Credito d’imposta botteghe e negozi
Credito d’imposta botteghe e negozi solo se i canoni risultano pagati, ma ne restano fuori gli immobili classificati nella categoria catastale D/8. Questi, in sintesi, i chiarimenti in materia forniti dalla circolare n. 8/E. Come noto, l’articolo 65 del D.L. n. 18/2020 stabilisce - ai soggetti esercenti attività d'impresa - il riconoscimento di un credito d’imposta nella misura del 60% dell’ammontare del canone di locazione relativo al mese di marzo 2020, limitatamente a “botteghe e negozi” (ossia gli immobili classificati C/1).

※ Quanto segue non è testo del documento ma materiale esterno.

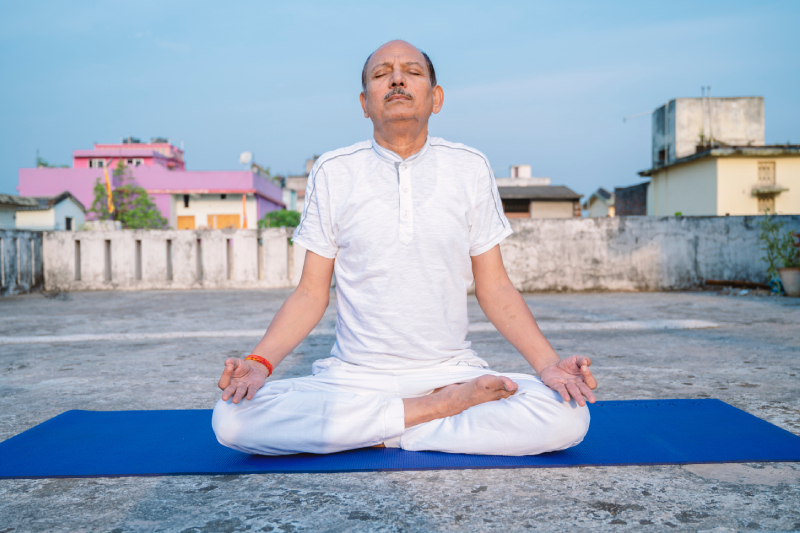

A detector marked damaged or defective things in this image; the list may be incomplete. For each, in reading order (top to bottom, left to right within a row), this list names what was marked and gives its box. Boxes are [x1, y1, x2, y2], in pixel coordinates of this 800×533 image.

cracked concrete surface [0, 288, 796, 528]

Il credito d'imposta non si applica alle attività di cui agli allegati 1 e 2 del D.P.C.M. 11 marzo 2020. L’importo del credito d’imposta può essere utilizzato - come precisato nella risoluzione n. 13/E/2020 - a partire dal 25 marzo 2020 esclusivamente in compensazione, utilizzando il modello F24, da presentare solo attraverso i servizi telematici dell’Agenzia delle Entrate, ed il codice tributo “6914”.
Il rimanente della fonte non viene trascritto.